После того как я оказалась в эмиграции, вторая моя поездка в Берлин случилась в 1987 году. Потом я бывала там много раз, уже после падения Стены, но то, второе, знакомство было столь же сильным, как и первое, мимолетное, из окна ночного поезда.

Наш самолет стал медленно снижаться. Ему нужно было, не промахнувшись, “упасть” в пятачок “своего” аэропорта.

На этом широком авиавираже город распластался, словно птица, и в иллюминаторе было хорошо заметно некое урбанистическое неравенство. Почему-то в одной части Берлина машин было больше, движение гуще, освещение ярче, а в других местах преобладали автомобили ярко-синего цвета и улицы малолюдные и плохо освещенные. Так, с высоты, в сгущающихся сумерках я впервые увидела два лица одного Берлина и знаменитые васильковые немецко-восточные “трабаны”, производством которых так гордилась ГДР. Пахнуло чем-то знакомым и унылым.
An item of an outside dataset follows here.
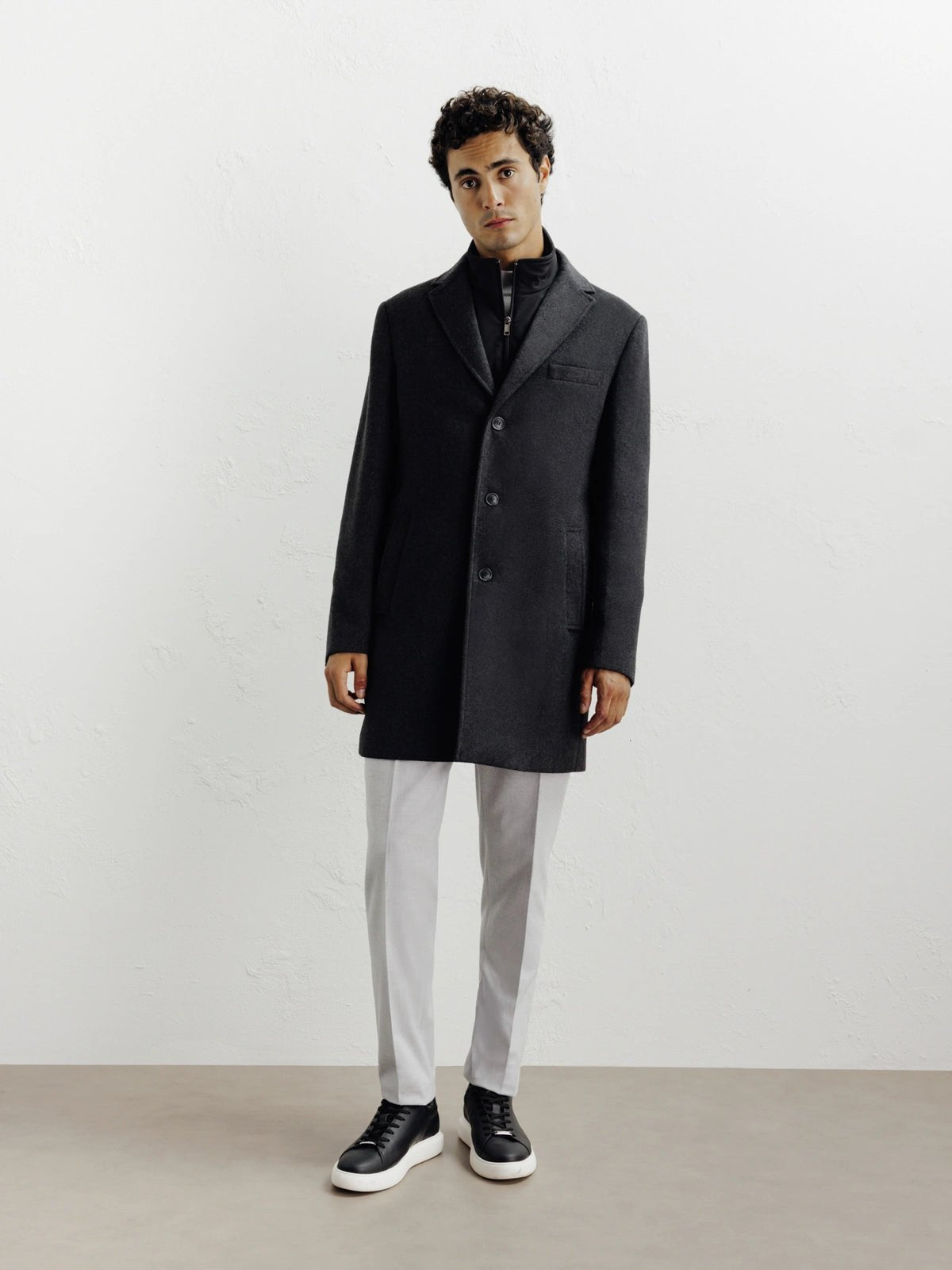 Manteau ville à parmenture amovible gris foncé - IZAC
Берлин был разделен на четыре сектора — французский, английский, американский и советский. Во французском секторе в местечке Тейгел до сих пор находится русское кладбище с деревянной церковью. На нем похоронен дед моего мужа — Александр Васильевич Кривошеин. Рядом могила его политического противника Владимира Дмитриевича Набокова, закрывшего своим телом Милюкова.

Западная часть Берлина вливается в Потсдам, вокруг большие озера, шикарные виллы, замки с башенками и крепостями. Между двух озер узкая полоска воды, соединенная мостом Глинкер. В девятнадцатом веке мост был деревянный, потом его заменили на металлический. В период холодной войны именно он окончательно разделял Германии. На противоположной стороне начиналась советская ГДР, и почти невооруженным глазом, без бинокля, можно было увидеть зыркающие на Западный берег пулеметные стволы и вышки. Мост этот вошел в историю как “шпионский”. На нем обменяли американского пилота Гарри Пауэрса на советского разведчика Рудольфа Абеля.
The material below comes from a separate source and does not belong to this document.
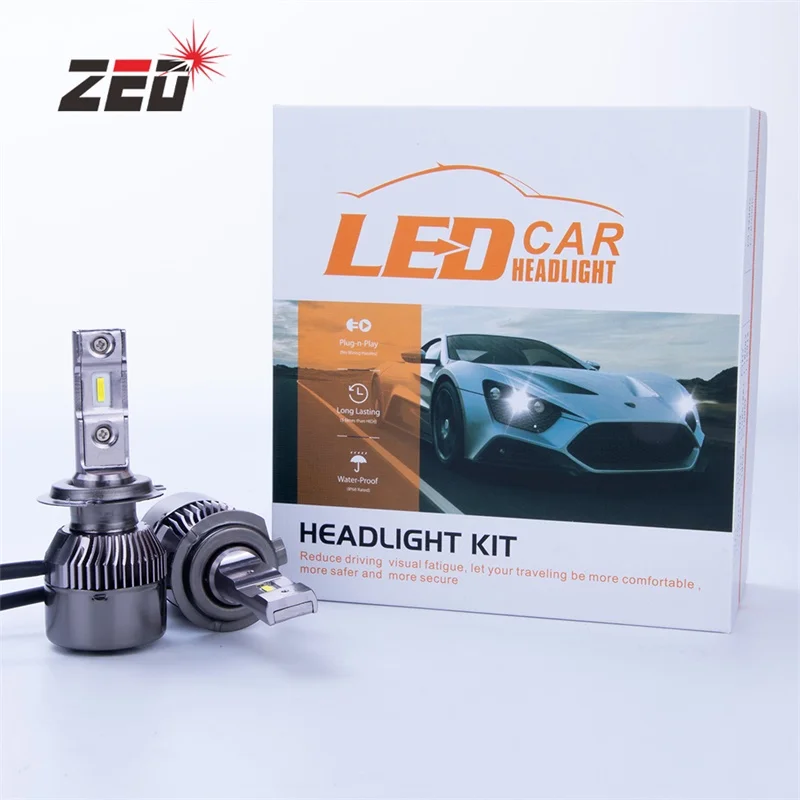 GPNE factory V3 H7 6000K 9-36V led car lights CSP chips led headlight bulb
Прошло восемнадцать лет после объединения, а в бывшей Восточной части Германии и сегодня видишь, насколько люди еще не “оттаяли”. Времена “холодной войны” крепко вошли в поколения. Гэдээровским немцам трудно перестроиться, привыкнуть к новой жизни. А казалось бы, чего проще, ведь объединились люди одного языка, одной культуры, но ЦК СЕПГ и Штази умудрились за малый срок превратить их уже в других немцев. Молодым, родившимся после объединения в 1989 году, осталось от того времени много реликвий — чтобы помнили. Возле Восточного вокзала сохранилась почти километровая часть Берлинской стены.

Стена расписана художниками и смахивает на политический плакат. Мы с Никитой* видели эту стену, еще не раздолбанную, она тянулась через весь город, более того, даже под землей. Дело в том, что берлинское метро было построено давно, еще до стены, и чтобы неповадно было восточному немцу спрыгнуть на рельсы “не своей” станции и выйти в свободной зоне, эти места отгородили: где-то залили бетонкой, где-то протянули проволоку под током. Люди с одной стороны — люди с другой стороны. Даже если чудом спрыгнешь и побежишь, все равно погибнешь.

За наземной частью стены, со стороны ГДР, была распаханная полоса, с вышками, с солдатами, с автоматами, с овчарками. И несмотря на это народ все равно бежал.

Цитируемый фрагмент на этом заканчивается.